The site has some mildly educational videos about environmental issues, all using scantily clad attractive women to attract heterosexual men to environmental causes.  Some of the videos include a fully clad man called “Can’t Get Laid Guy,” to whom the “hot” women are downright mean. By conforming to stereotypes of the shallow, ditzy, self-centered, and rude but attractive female, the site seems to attempt mainly to attract “geeky” heterosexual men.  With statements such as “As for you, think about turning off the lights before you leave your apartment and maybe some day a sober girl will give you her real phone number,” the site attempts to attract these men with the vague hope of one day being able to gain sexual access to beautiful women (as long as they go green).  The site also reinforces the stereotype of the smart but nerdy male who has absolutely no social life and no chance with the beautiful but cruel and shallow female.

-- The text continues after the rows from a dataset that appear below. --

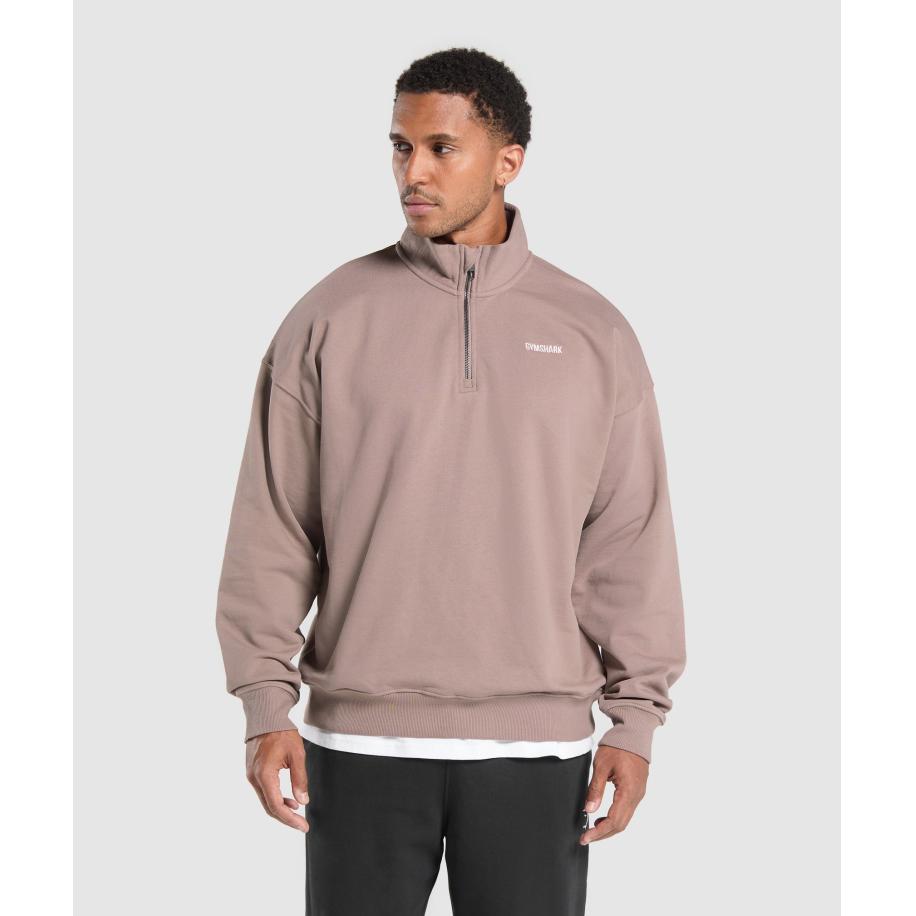 Gymshark Rest Day Sweats 1/4 Zip Powder Mauve Bruin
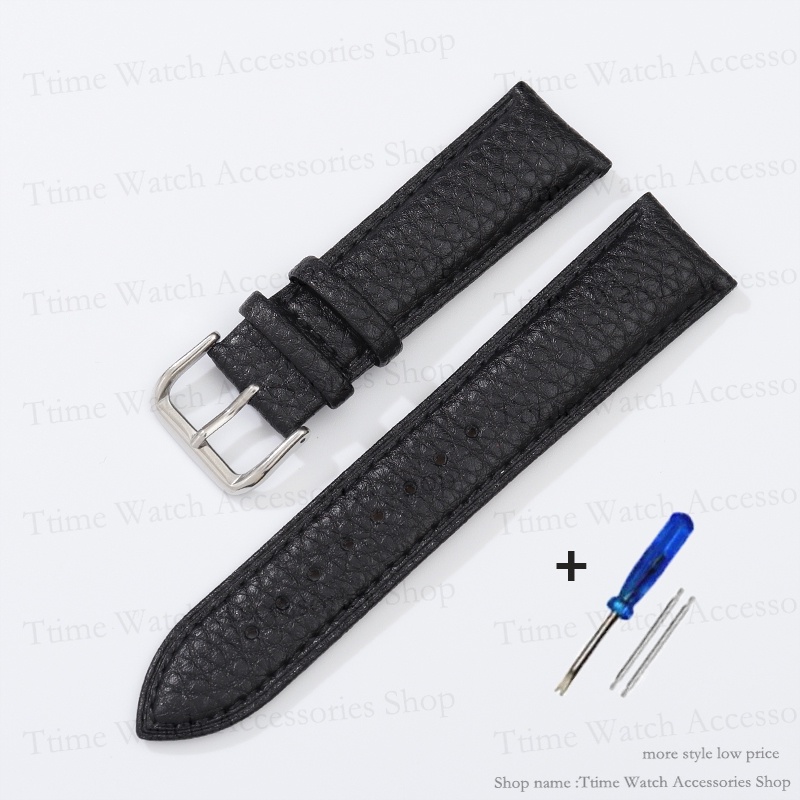 Dây đeo đồng hồ bằng da chính hãng 12/14/16/18/20 / 22mm dây đeo bằng thép không gỉ 10 màu vòng đeo tay bằng da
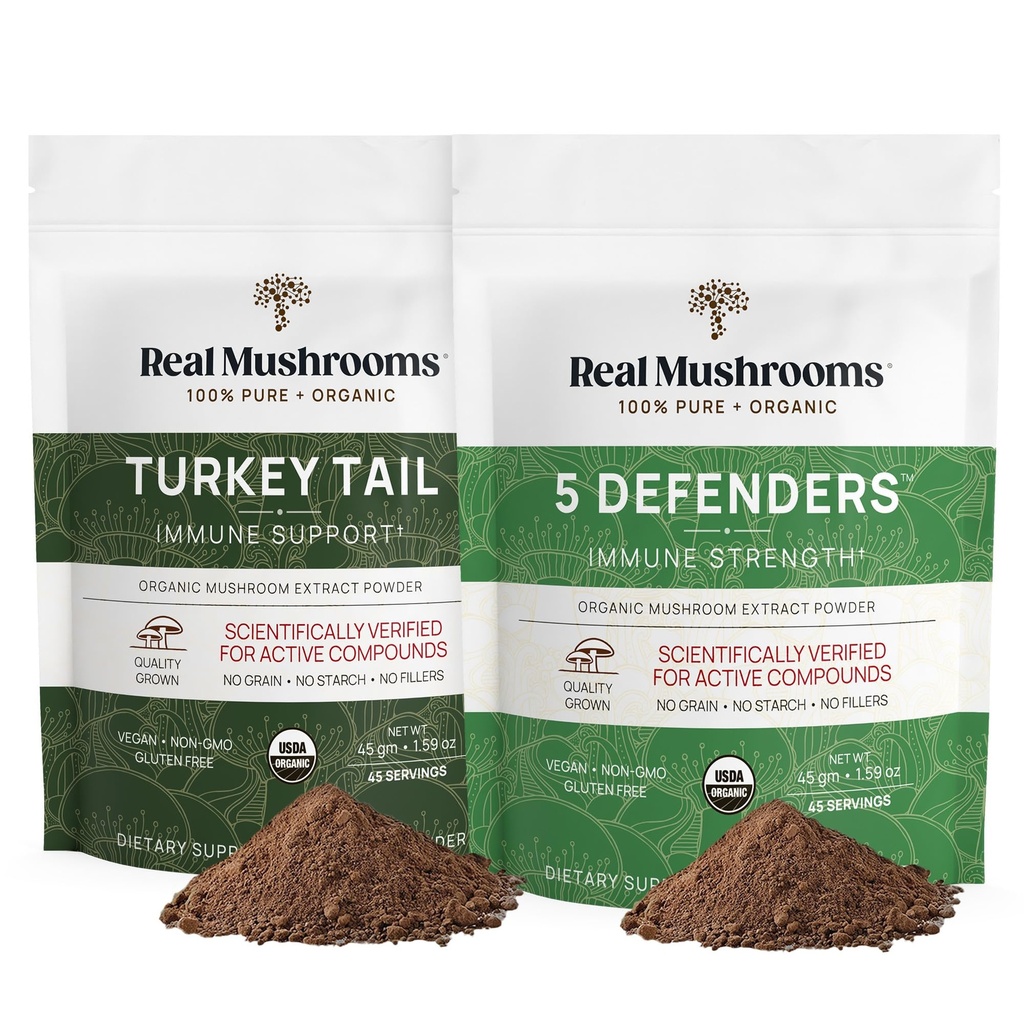 Real Mushrooms Turkey Tail (45g) et 5 Defenders (45g) Mushroom Extract Powder Bundle - Supplément de Champignon pour Immune Strength - Vegan, Supplément d'immunité non-OGM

Will watching attractive women parade around in bikinis really convince heterosexual men to care about environmental issues and change their lifestyles accordingly?  I highly doubt it.  In the videos, the environment seems less of a focus than heterosexual male access to beautiful female bodies.  Personality is treated as an unimportant factor on the site (the girls are downright mean and extremely shallow, but are still presented as the height of sexual desirability.)  So what is Angry Green Girl really selling?  Sex.  And it may be sad but true that “sex sells,” but sex sells Calvin Klein underwear and string bikinis, not causes like environmental activism.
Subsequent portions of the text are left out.